Use this right logical shift calculator to shift bits right and fill with zeros. Unlike arithmetic shift, this operation does not preserve the sign bit.
Right logical shift calculator
Using the calculator
Enter the number to shift and select an input format: Decimal, Hex, Binary, or Octal. You can also type prefixes directly (0xFF for hex, 0b1010 for binary, or 0o17 for octal) and the tool will auto-detect the format. The positions field is always in decimal.
The result displays in all formats simultaneously: decimal (signed and unsigned), hexadecimal, octal, and a 32-bit binary representation with spaces every 8 bits for readability.
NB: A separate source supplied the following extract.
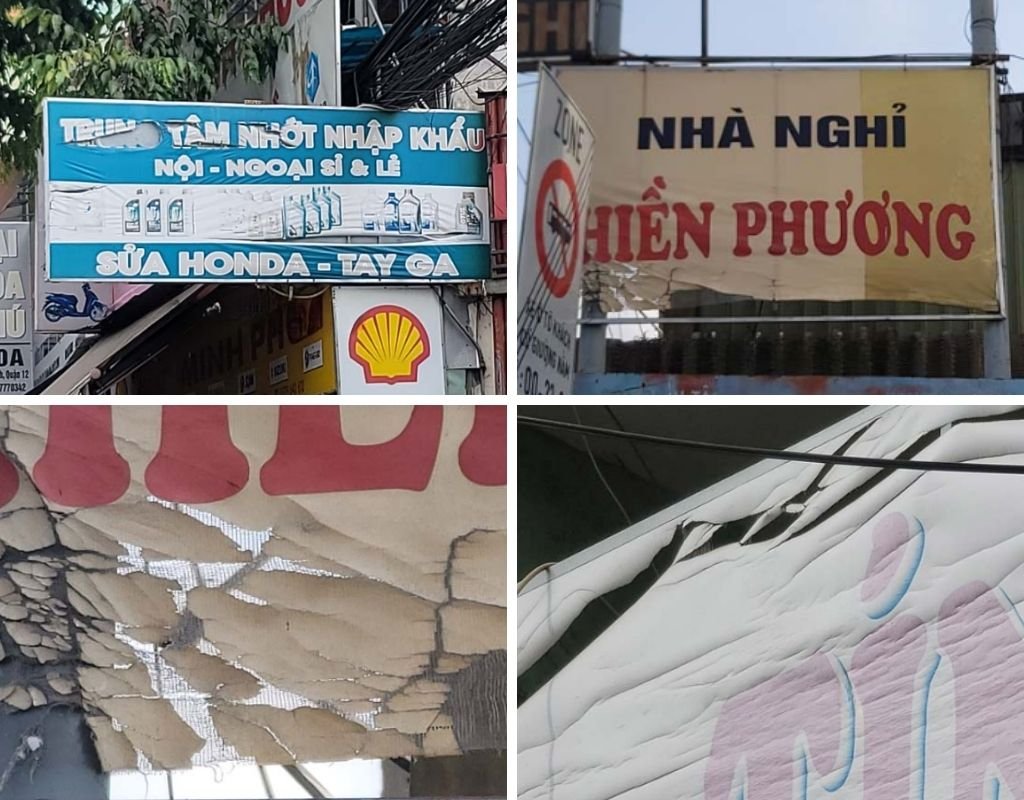 Biển quảng cáo bạt cũng dễ bị rách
How right logical shift works
Right logical shift (>>>) moves all bits to the right by a specified number of positions, always filling the leftmost positions with zeros. This is also called an "unsigned" or "zero-fill" right shift.
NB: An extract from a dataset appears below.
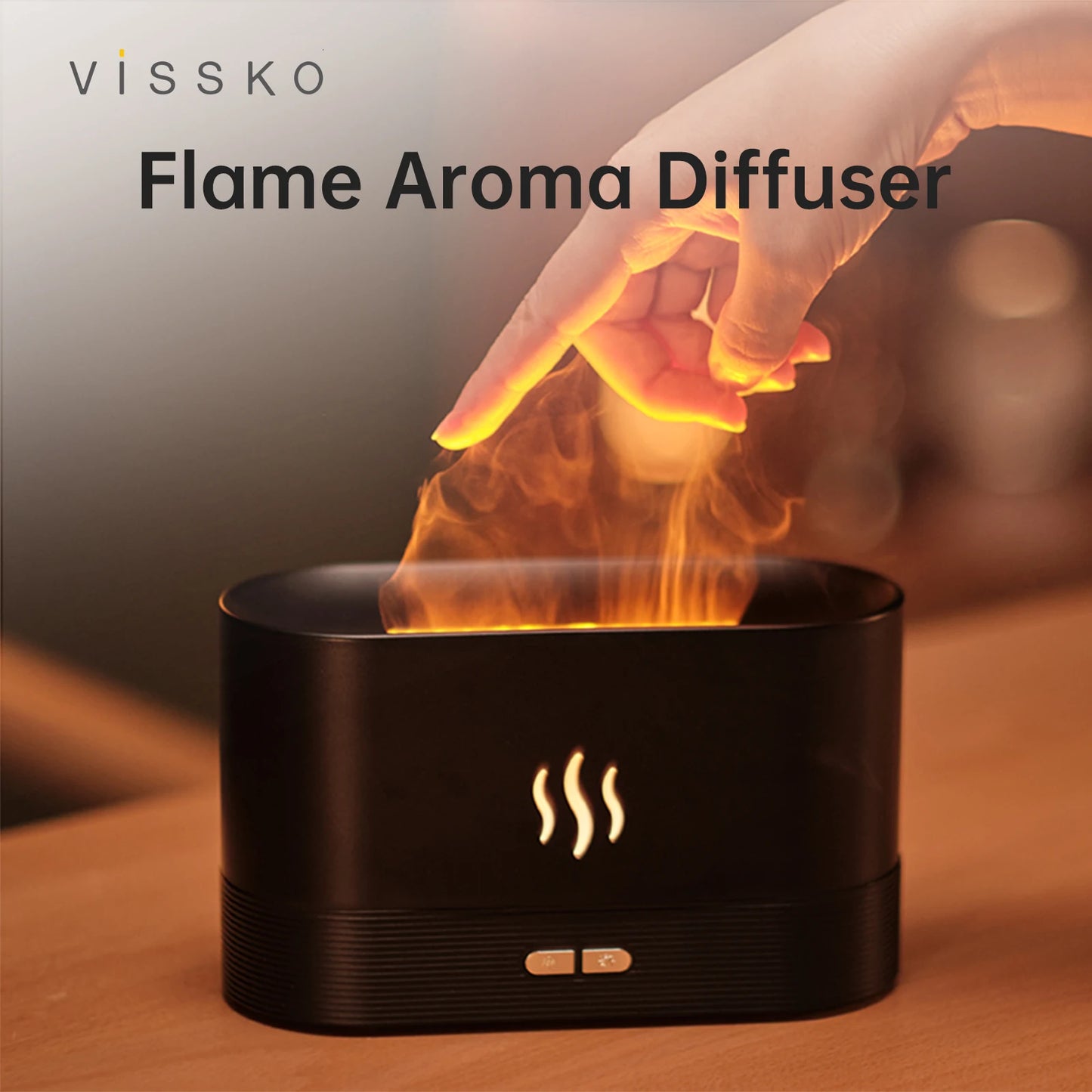 Vissko Aroma Diffuser 180ML Air Humidifier Ultrasonic Aromatherapy Cool Mist Maker Essential Oil Flame Lamp Difusors For Home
The key difference from arithmetic shift: logical shift does not preserve the sign bit. This means negative numbers become large positive numbers after shifting.
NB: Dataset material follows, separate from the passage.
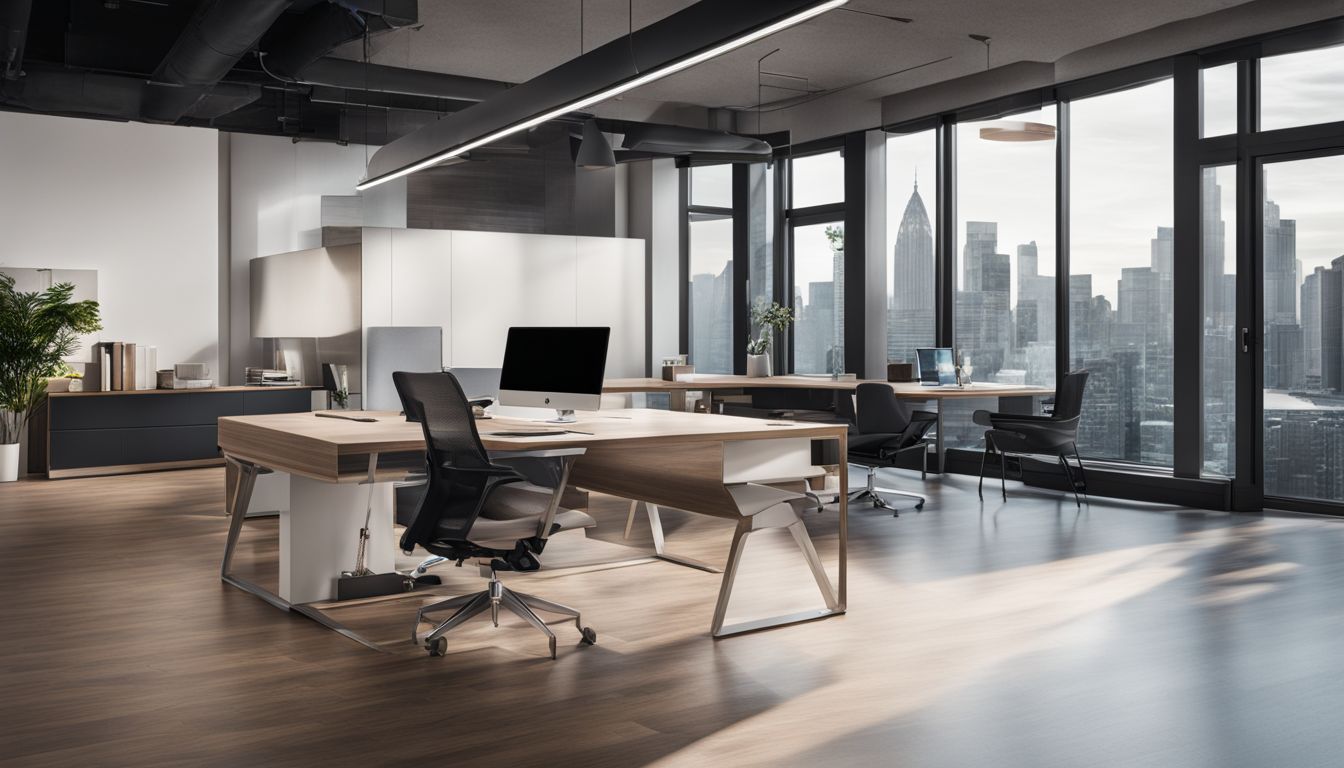 A modern office workspace with diverse individuals and stylish furniture.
Right logical shift examples
Positive number
44 \ggg 2 = 11
For positive numbers, logical and arithmetic shifts produce the same result. Shifting 44 right by 2 positions divides by 4.
Negative number
-44 \ggg 2 = 1073741813
Here is where logical shift differs dramatically. The negative number -44 in two's complement is:
11111111111111111111111111010100
Shifting right and filling with zeros gives:
00111111111111111111111111110101
Which is the large positive number 1,073,741,813.
When to use logical vs arithmetic shift
Use logical shift (>>>) when treating numbers as unsigned bit patterns - common in graphics, cryptography, and low-level byte manipulation. Use arithmetic shift (>>) when you want division by powers of 2 that preserves sign.